By Anna Willi

As academics, every now and then we get confronted with just how much we live in our own little world, and how easy it is to forget to look beyond its limits. I had one of these moments earlier this month, when I was tagged in a tweet and found myself staring at a tool that got me excited. The tweet was by Roy Lawson (@RAeliusVictor) who had just made a number of brilliant replicas of Roman writing tablets for us (Fig. 1). But let us go back to the beginning of the story.

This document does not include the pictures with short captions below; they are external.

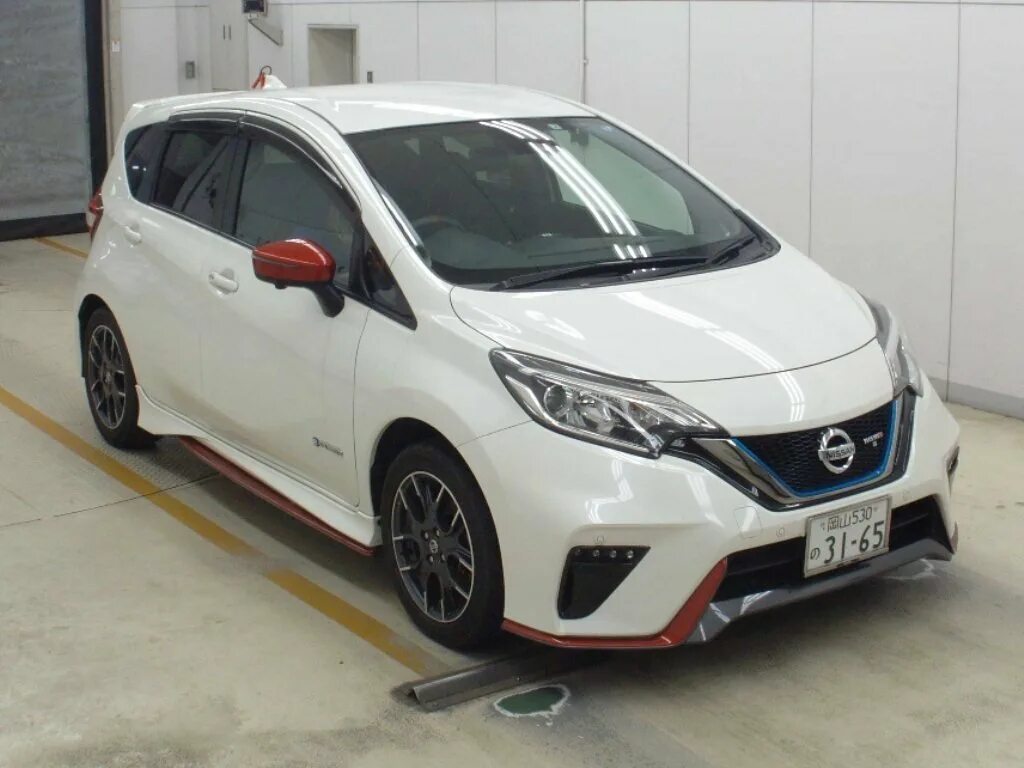 Nissan Note e-Power Nismo. Nissan Note 2019. Ниссан ноут 2019 гибрид. Nissan Note 2018.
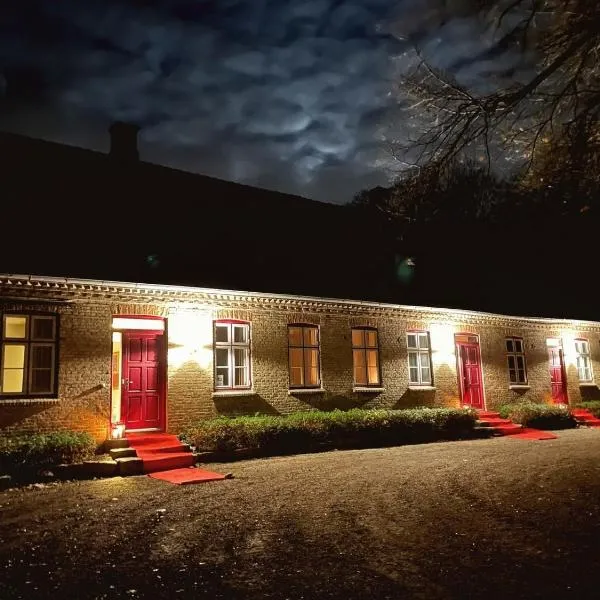 Svaleholm Gaard Roskilde，位于Veddelev的酒店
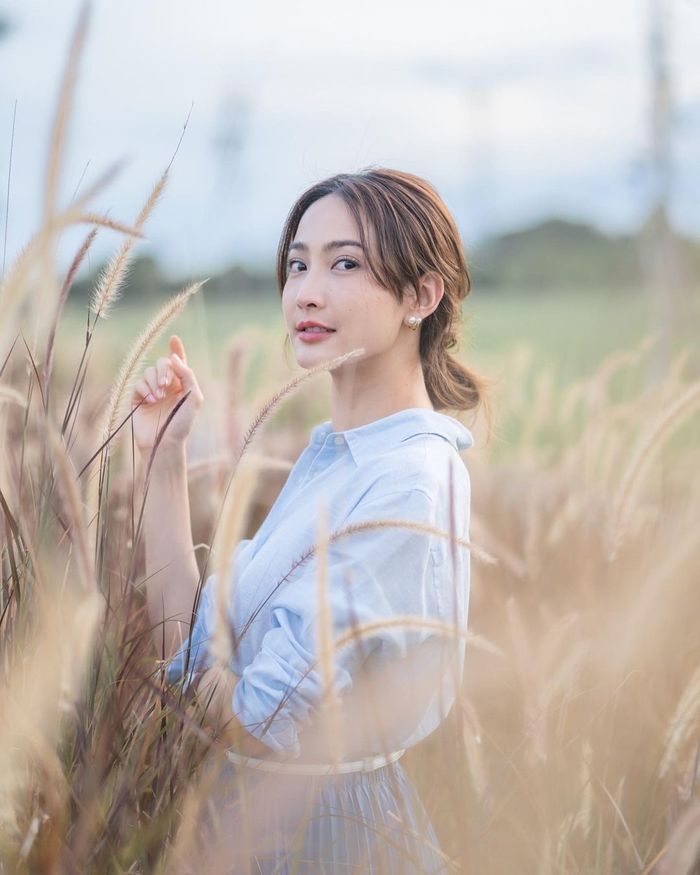 Cát-xê dàn mỹ nhân hot nhất xứ Chùa Vàng: Baifern chưa phải xịn nhất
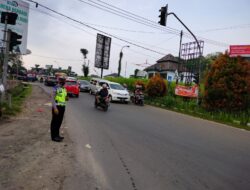 Polsek Pandeglang Bantu Pelajar Menyeberang dan Antisipasi Kemacetan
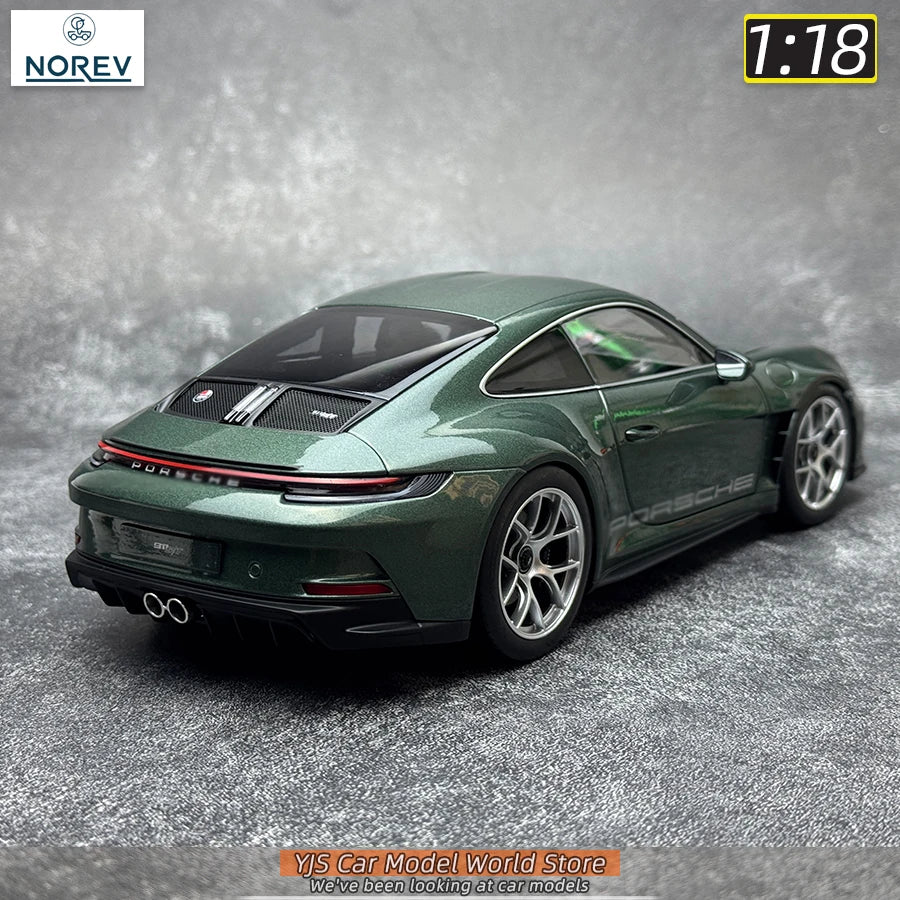 1:18 Porsche 911 S/T 2023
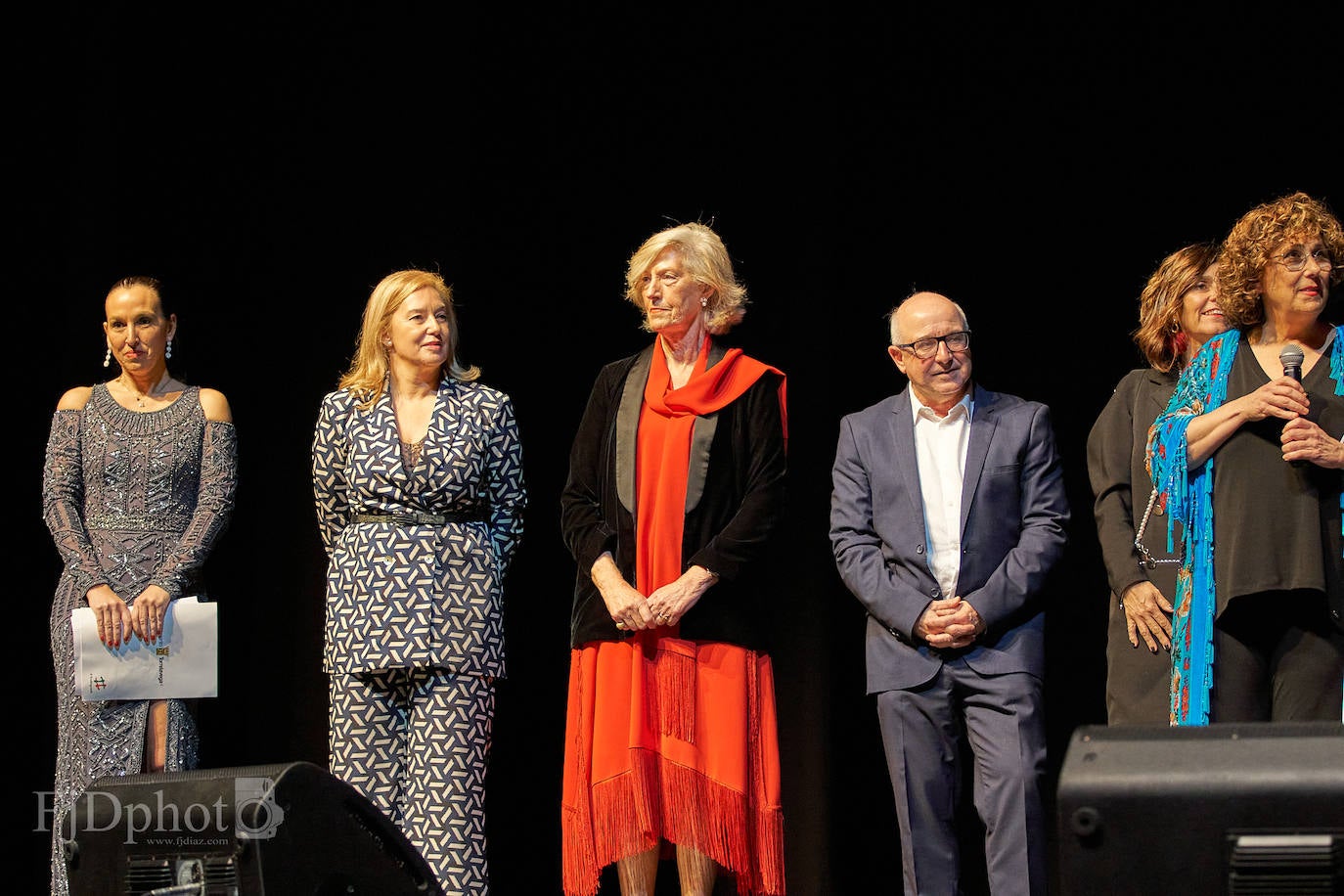 Veinticinco artistas y creadores cántabros mostraron su arte en el Teatro Concha Espina durante la Gala Solidaria de Navidad para recaudar fondos para al Banco de Alimentos, Cáritas y la Cocina Económica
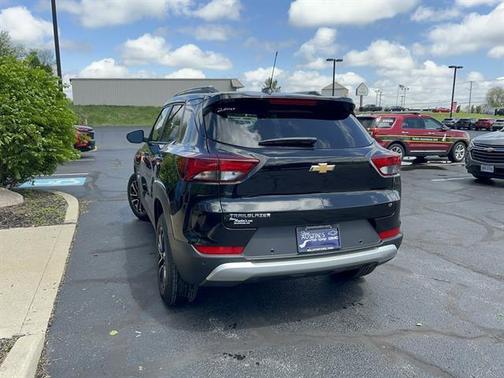 Mosaic Black Metallic 2026 Chevrolet Trailblazer LT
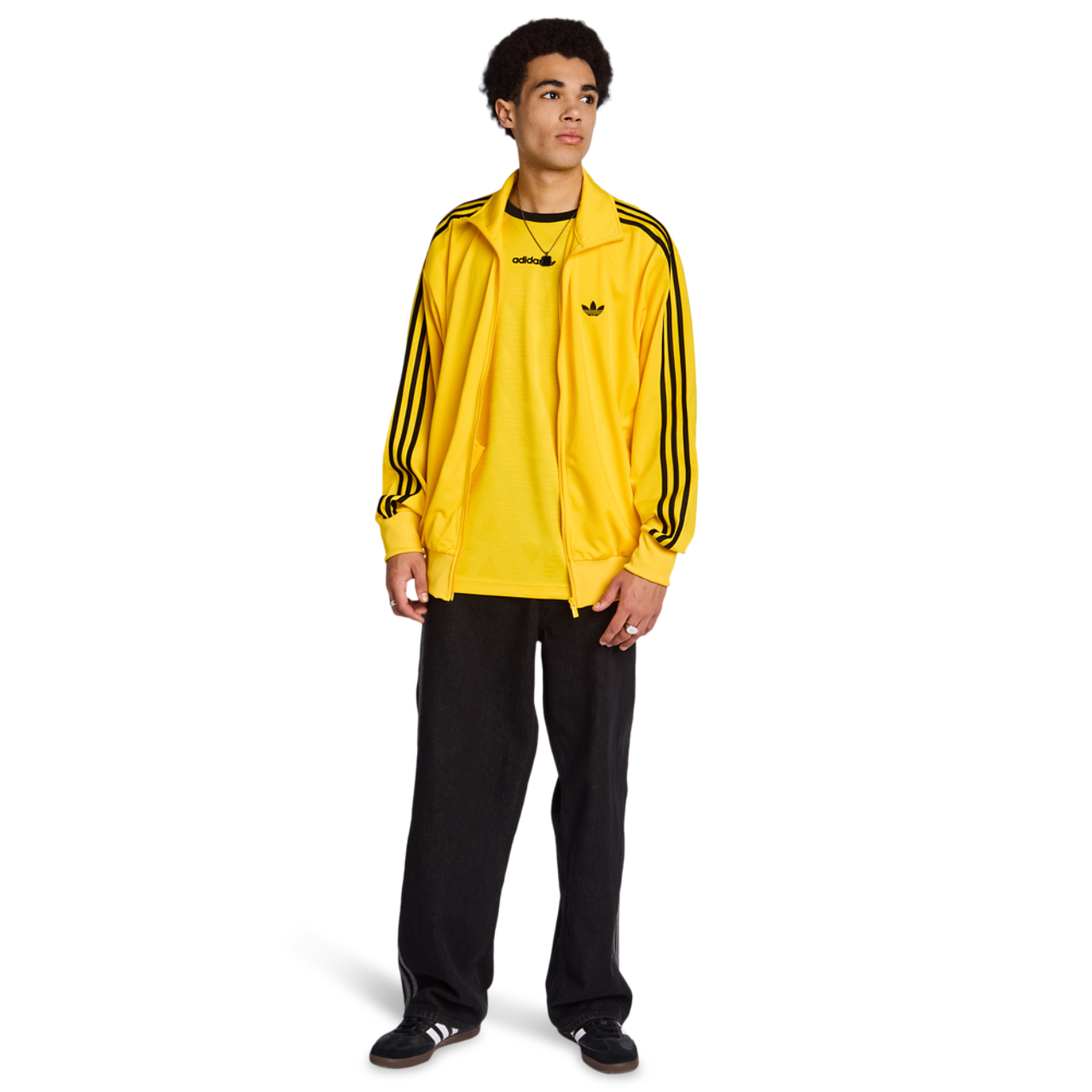 adidas Firebird Imagen 2 de 6. Toque para abrir la galería de fotos.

Fig. 1: Roy’s replica tablets arrive at the office of LatinNow’s scribe. © Anna Willi

In autumn 2019, LatinNow travelled Europe with the Touring Exhibition ‘Voces Populi’. Our senior scientist Janie Masséglia had designed a number of wonderful outreach activities for the tour and we let school children have a go at inscribing wax tablet replicas with styli. More than a year later, when Janie was working on the production of the first volume of our Manual of Roman Everyday Writing (open access here:, she stumbled over a passage I had written that described how the eraser ends of styli were used to ‘flatten’ the wax where corrections to the text were to be made. During the Touring Exhibition she had discovered that flattening was almost impossible with the kind of erasers commonly found on metal styli, which are shaped like small spatulas (Fig. 2). Instead, she resorted to removing a thin curl of wax, ‘like a parmesan shaving’, as she put it. This remark led me to reconsider in some detail just how wax tablets were erased, and to a series of delightfully nerdy Skype sessions with graduate student and stylus specialist Alessia Colombo (a short article on what we found out is due to be published in Instrumentum later this year). But while writing up my thoughts, I realised that I needed to get my hand on a replica and try myself.

Fig. 2: Examples of Roman iron (top) and bone styli with typical erasers (not to scale), redrawn by A. Willi after Schaltenbrand Obrecht 2012, 349, 395, Gostenčnik 1996, 111 and Fingerlin 1998, no. 1337.24 (for full references see the LatinNow Manual (link above). © LatinNow

This is where the SSHRC comes in. The SSHRC is Canada’s Social Sciences and Humanities Research Council, and last year they awarded a grant to an exciting new project on wax tablets led by Dr Alex Meyer (Western University, Ontario), and on which our own PI, Alex Mullen, is a co-investigator. The Alexes are exploring new ways to decipher Roman wax tablets with imaging technology, and because the originals are fragile and difficult to move from museums, they needed inscribed replica tablets as test objects. I was happy to act as LatinNow’s scribe in return for the opportunity to experiment with erasing techniques. I got myself a stylus and a spatula and sent a wish-list of specifications to Roy Lawson, who was willing to produce the tablets for me to inscribe. In the process I also asked him about their production, sharing my thoughts about styli and the erasing process. And while I was experimenting with the replicas (there is something to be said here about using a toddler’s wooden xylophone stick as a replica bone stylus eraser!), inscribing and reinscribing them with the first verses of the Metamorphoses and happily piling up heaps of wax shavings, Roy tweeted an image and tagged me in it.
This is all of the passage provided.